=== Begin Enclosure ===
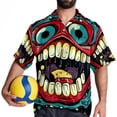 thumbnail image 4 of Tiny teeth Men's Short Sleeve Casual Printed Button Down Beach Shirts - Summer Fashion Tops, 4 of 6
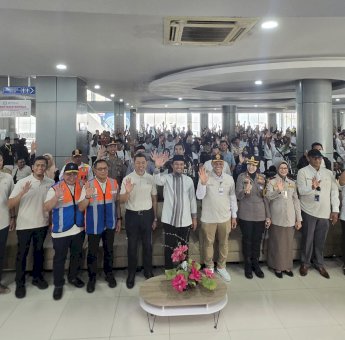 Program Mudik Gratis Aman Sampai Tujuan, PLN Berangkatkan 500 Pemudik dari Makassar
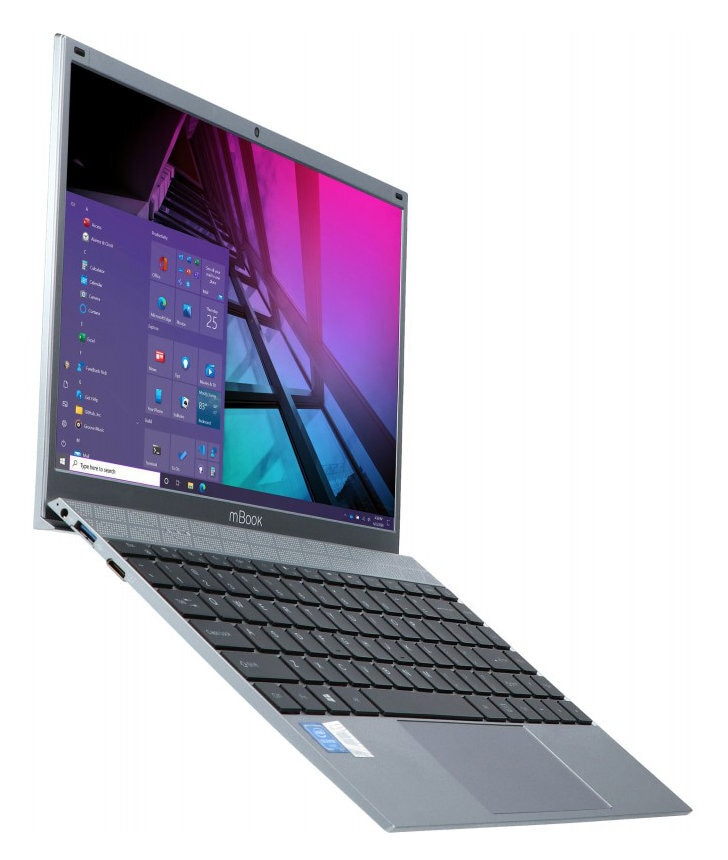 Laptop MAXCOM Office mBook14 FHD Celeron J4125/8GB/256GB SSD/INT/Win10H Ciemnoszary (Dark Grey)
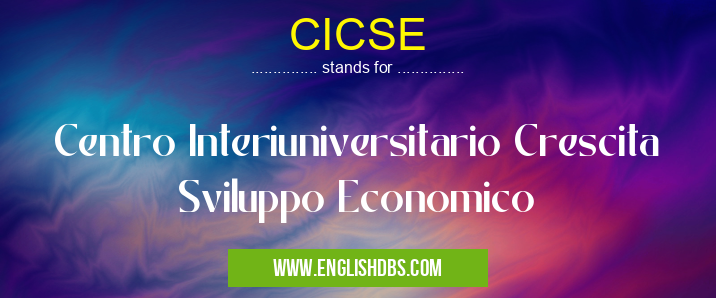 CICSE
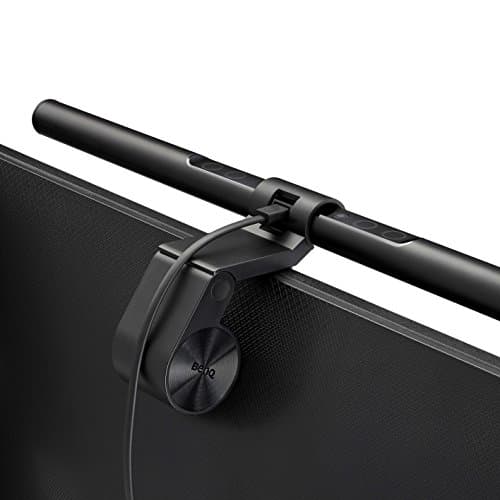 BenQ ScreenBar LED Monitor Light Bar - Auto-dimming, Adjustable Brightness and Color Temperature, No Screen Glare, Space-Saving, Eye-Care USB Monitor Lamp, Black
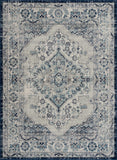 Hauteloom MARASH KMRSH4604 Gray Machine Made Polypropylene Rug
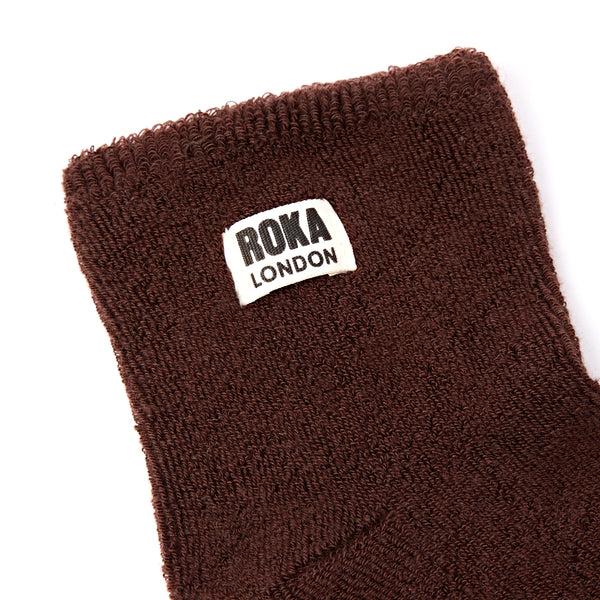 Roka London Watford Crop Socks For Women In Coco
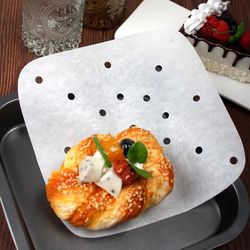 air fryer square & round baking mat liners: disposable parchment papers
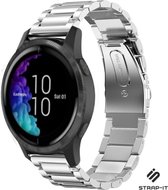 Stalen Smartwatch bandje - Geschikt voor  Garmin Venu stalen band - zilver - Strap-it Horlogeband / Polsband / Armband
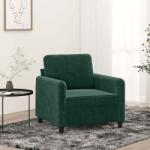 vidaXL Fotoliu canapea, verde închis, 60 cm, catifea GartenMobel Dekor (359424) Canapea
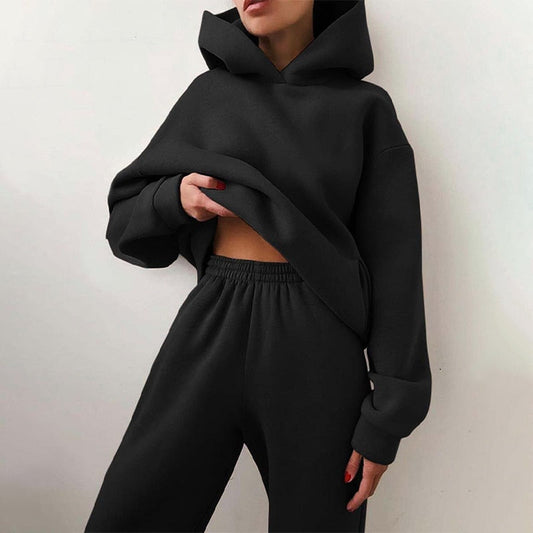 Mirella | Ensemble de survêtement pour femme avec sweat à capuche oversize - Image 2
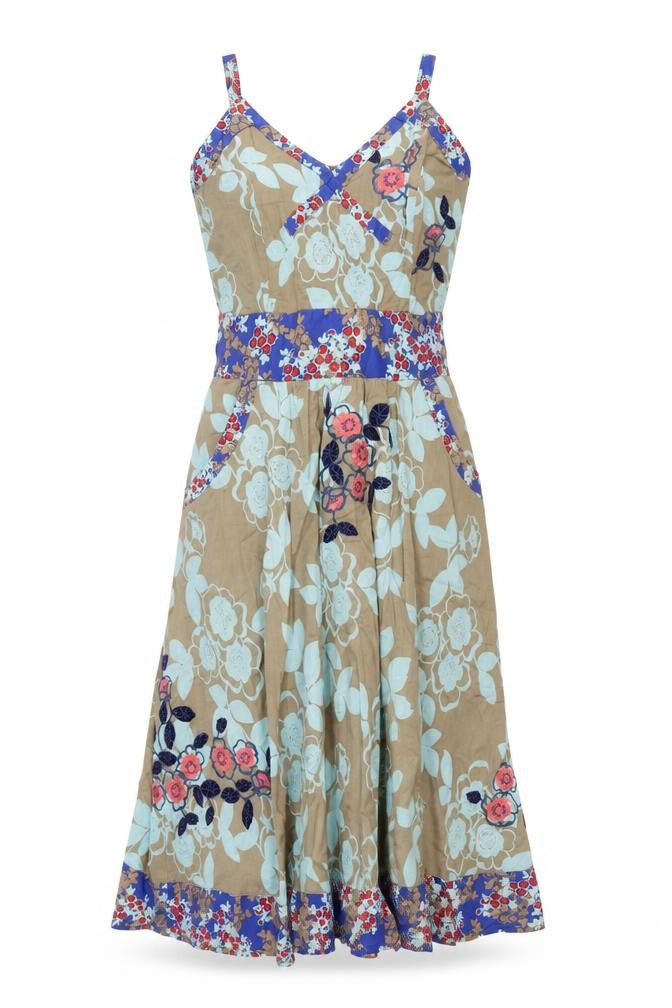 Front view of Next Women's Multicoloured Floral Dress, size 10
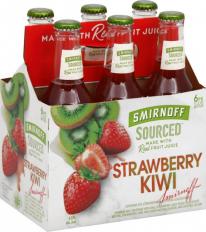 Smirnoff Sourced Strawberry Kiwi (6 pack bottles) (6 pack bottles)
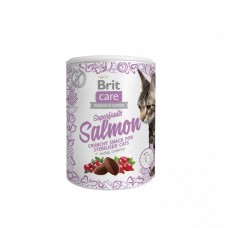 Ласощі для котів Brit Care (Бріт Кеа) Cat Snack Superfruits Salmon 100 г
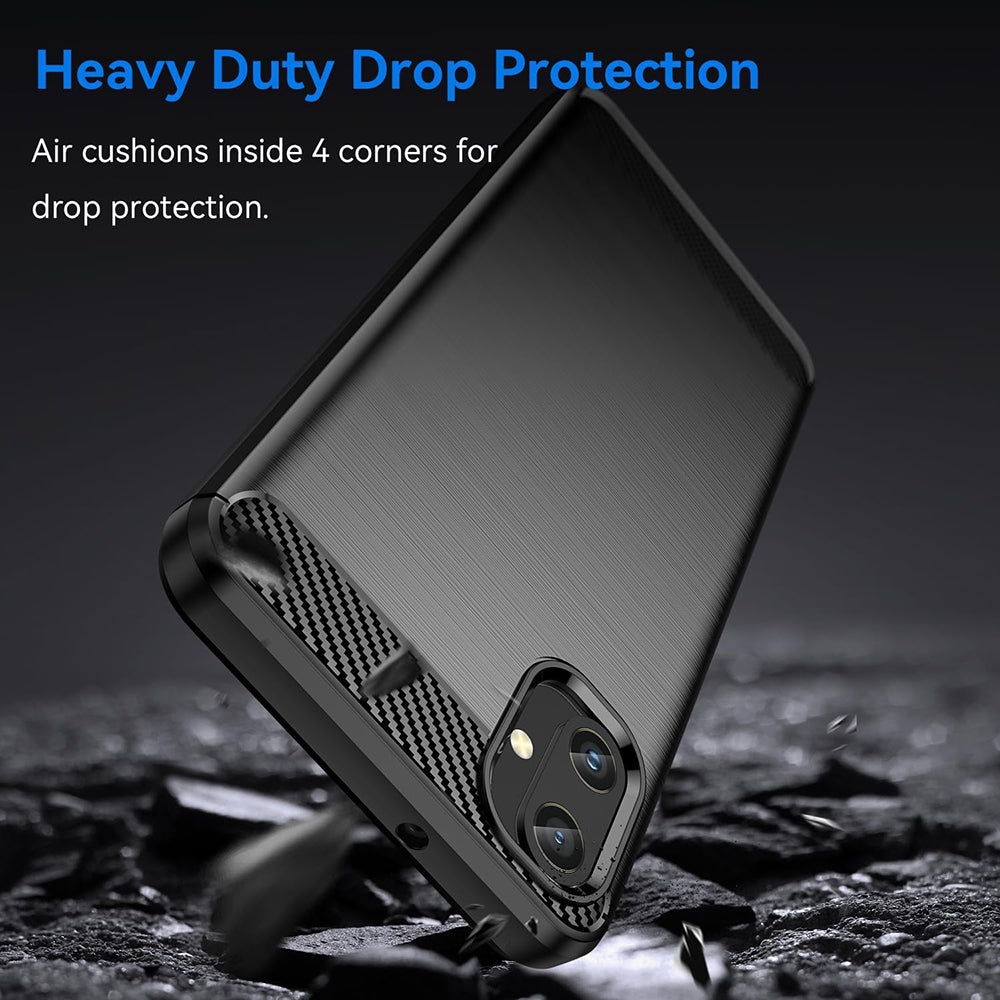 Techsuit - Carbon Silicone - Galaxy A05 - Black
=== End Enclosure ===
▶ **HOW TO COMPLETE THIS TASK**
From the first line of the material down to the line containing "air fryer square", inclusive, return each line exactly, skipping any picture.

▶ **RESULT OF THIS EXERCISE**
 thumbnail image 4 of Tiny teeth Men's Short Sleeve Casual Printed Button Down Beach Shirts - Summer Fashion Tops, 4 of 6
 Program Mudik Gratis Aman Sampai Tujuan, PLN Berangkatkan 500 Pemudik dari Makassar
 Laptop MAXCOM Office mBook14 FHD Celeron J4125/8GB/256GB SSD/INT/Win10H Ciemnoszary (Dark Grey)
 CICSE
 BenQ ScreenBar LED Monitor Light Bar - Auto-dimming, Adjustable Brightness and Color Temperature, No Screen Glare, Space-Saving, Eye-Care USB Monitor Lamp, Black
 Hauteloom MARASH KMRSH4604 Gray Machine Made Polypropylene Rug
 Roka London Watford Crop Socks For Women In Coco
 air fryer square & round baking mat liners: disposable parchment papers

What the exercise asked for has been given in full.